If you are someone who uses credit card points to travel on the cheap, or cash-back rewards to lower your monthly bills, you may want to pay attention to a current debate in Congress.
Advocates of credit card rewards say many perks could go away if legislation aimed at reducing credit card transaction fees is passed.
Did you ever think about how much using credit cards costs businesses?
Probably not, but Congress is beginning to look at just that.
Here is what is being discussed:
Every time a credit card is used, there is something known as an interchange fee that kicks in.
These transaction fees are paid for by the business itself, the price of offering customers the convenience of using a credit card.

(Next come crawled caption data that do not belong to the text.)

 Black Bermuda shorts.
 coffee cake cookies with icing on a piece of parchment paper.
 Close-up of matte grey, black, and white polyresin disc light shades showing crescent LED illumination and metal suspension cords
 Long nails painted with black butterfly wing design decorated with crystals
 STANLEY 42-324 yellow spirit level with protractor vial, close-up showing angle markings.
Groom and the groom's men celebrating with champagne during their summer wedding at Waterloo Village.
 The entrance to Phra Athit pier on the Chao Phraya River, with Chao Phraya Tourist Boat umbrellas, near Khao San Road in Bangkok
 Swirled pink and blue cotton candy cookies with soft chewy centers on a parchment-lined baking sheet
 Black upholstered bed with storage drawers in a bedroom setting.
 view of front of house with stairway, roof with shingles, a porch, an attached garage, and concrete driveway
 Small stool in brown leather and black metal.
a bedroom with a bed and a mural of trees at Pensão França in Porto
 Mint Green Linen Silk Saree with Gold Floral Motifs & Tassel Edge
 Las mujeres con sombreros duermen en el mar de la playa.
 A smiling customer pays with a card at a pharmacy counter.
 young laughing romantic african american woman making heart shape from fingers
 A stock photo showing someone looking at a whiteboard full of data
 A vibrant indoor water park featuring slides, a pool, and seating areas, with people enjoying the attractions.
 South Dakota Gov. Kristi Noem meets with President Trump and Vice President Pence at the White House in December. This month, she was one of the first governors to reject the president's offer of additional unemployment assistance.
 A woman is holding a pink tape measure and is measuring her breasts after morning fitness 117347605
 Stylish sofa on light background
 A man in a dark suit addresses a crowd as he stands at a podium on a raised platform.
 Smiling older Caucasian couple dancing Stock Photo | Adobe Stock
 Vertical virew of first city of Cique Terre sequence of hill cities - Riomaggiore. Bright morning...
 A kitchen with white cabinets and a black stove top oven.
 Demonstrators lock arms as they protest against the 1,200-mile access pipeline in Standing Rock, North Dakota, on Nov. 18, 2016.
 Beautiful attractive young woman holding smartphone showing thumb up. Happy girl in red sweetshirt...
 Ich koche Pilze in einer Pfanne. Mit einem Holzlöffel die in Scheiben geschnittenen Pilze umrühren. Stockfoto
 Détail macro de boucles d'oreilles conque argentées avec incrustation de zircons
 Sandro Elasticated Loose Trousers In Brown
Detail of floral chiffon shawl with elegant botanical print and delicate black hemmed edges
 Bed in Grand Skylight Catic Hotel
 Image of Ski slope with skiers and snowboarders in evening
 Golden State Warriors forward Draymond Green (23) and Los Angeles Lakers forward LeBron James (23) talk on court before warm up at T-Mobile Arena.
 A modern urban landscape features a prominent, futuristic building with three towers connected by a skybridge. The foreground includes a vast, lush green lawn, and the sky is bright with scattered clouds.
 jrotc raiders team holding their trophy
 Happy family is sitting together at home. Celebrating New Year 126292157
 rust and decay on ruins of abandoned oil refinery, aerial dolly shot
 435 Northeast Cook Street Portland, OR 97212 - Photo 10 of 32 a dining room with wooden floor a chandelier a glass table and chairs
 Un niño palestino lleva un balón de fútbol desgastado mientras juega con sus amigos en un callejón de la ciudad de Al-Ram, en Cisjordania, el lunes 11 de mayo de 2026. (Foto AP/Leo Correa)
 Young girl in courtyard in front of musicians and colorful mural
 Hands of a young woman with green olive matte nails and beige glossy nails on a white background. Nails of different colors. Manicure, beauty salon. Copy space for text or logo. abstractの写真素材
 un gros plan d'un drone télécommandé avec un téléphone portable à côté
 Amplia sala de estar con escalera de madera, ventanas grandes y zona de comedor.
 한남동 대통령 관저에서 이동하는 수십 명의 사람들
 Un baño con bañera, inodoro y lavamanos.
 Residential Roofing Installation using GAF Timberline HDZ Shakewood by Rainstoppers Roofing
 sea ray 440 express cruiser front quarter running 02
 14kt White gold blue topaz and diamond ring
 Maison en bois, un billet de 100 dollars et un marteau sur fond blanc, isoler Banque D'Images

Let's say you buy something for $100. Typically, two or three dollars of that is a fee paid by the business.
While the U.S. has four credit card processing networks, some in Washington believe the market is dominated way too much by Visa and Mastercard, creating a lack of competition for businesses.
Recently Democrats and Republicans joined small business owners outside the Capitol in Washington to introduce The Credit Card Competition Act, which would mandate that businesses have options beyond Mastercard and VISA when it comes to swipe fees.
"There is one place we can't negotiate, and that's with the credit card companies," said Mike Beal, Chief Operating Officer of Ball’s Food Stores in Kansas and Missouri.
"Small businesses pay the highest swipe fees," he said.
Beal stressed lower fees would mean greater savings for customers.
But before you say 'great, this will make going to the grocery store cheaper,' Brian Kelly, who is known as "The Points Guy" has something to tell you.
"Make no mistake, consumers will lose," Kelly said.
Kelly helps Americans discover how credit card perks, like travel points and cash-back rewards, can help them save money.
Kelly says any disruption of credit card interchange fees could mean those credit card perks — that perhaps paid for your last vacation — get cut.
"If you get cash back or rewards or like fraud protection, that's all paid for by the interchange," Kelly said.
"Points are how many people are traveling these days," Kelly added.
Kelly isn't just guessing here.
He says back when Senator Dick Durbin of Illinois passed similar legislation over 10 years ago aimed at reducing debit card fees, incentives to use those cards were quickly dropped.
Durbin is a main sponsor of the latest legislation.
"Debit card rewards disappeared almost overnight. Fees on checking accounts went up across the board," Kelly said. Whether or not Congress will actually pass any credit card reform this year is unclear.
A vote is possible, though, later this month.
The Merchants Payments Coalition, a group in support of credit card reform, says credit card rewards would still exist if the legislation passes. Officials tell Scripps News that it is the bank that issues a card, not the networks that process transactions, that determine rewards.
The Coalition also says Senator Durbin’s amendment regarding debit cards from several years ago has saved merchants over $100 billion in swipe fees since being adopted.